Per i napoletani mangiare la pizza è come fare l'amore

The Italians might be notorious for being great lovers and making sumptuous pizza, but to my knowledge the two things have never really been connected. Until now. One Simone Falco insists they're linked. He's the managing director of Rossopomodoro Pizzeria, and he has this to say:
Pizza is something you touch and share. You've got to treat a pizza like someone you want to make love to. The pleasure of eating it is just as much about how it feels as how it tastes.

A recent article in the Boston Globe suggests that eating pizza may well be a sensuous experience.

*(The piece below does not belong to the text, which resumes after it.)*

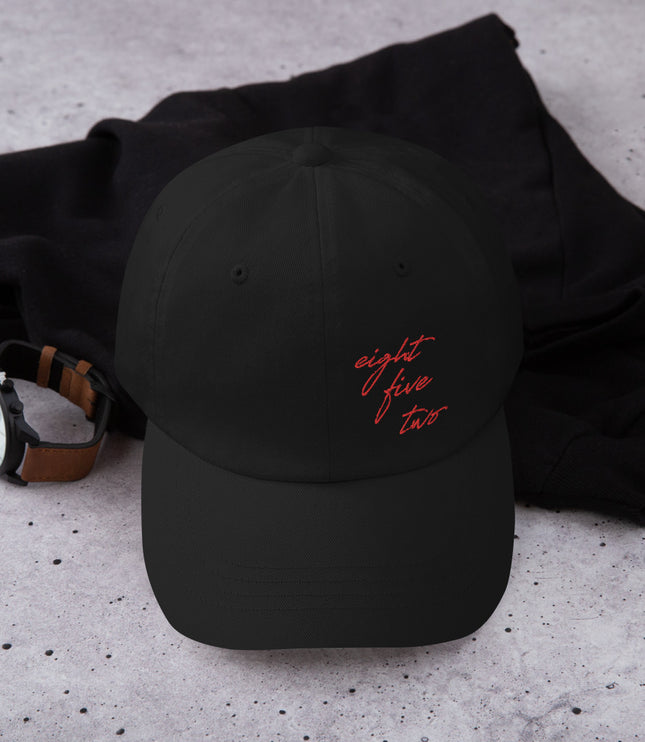 Eight Five Two Script | Dad hat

The author of this particular piece describes how a woman in Naples:

... romanced her pizza: carefully cutting a slice, raising it on her fork, admiring it before she wrapped her lips around it. Chewing slowly, she savoured the pizza in her mouth, then closed her eyes to swallow before she smiled.

So surprisingly, he's not alone in his lusty reading of the joys of pizza-eating, but crucially, our pizza-loving woman used cutlery, contradicting Falco's other point, which is:

We make genuine Neapolitan pizza, and anyone from Naples will tell you, you don't eat pizza with a knife and fork. It's crazy using cutlery.

Yes, he is so convinced that pizza is the food of love he has decided to ban cutlery from every branch of Rossopomodoro so customers are forced to get their hands all over the doughy circles of loveliness. The management has even vowed to confiscate the offending implements should someone try and smuggle them in. What's he playing at with our knives and forks?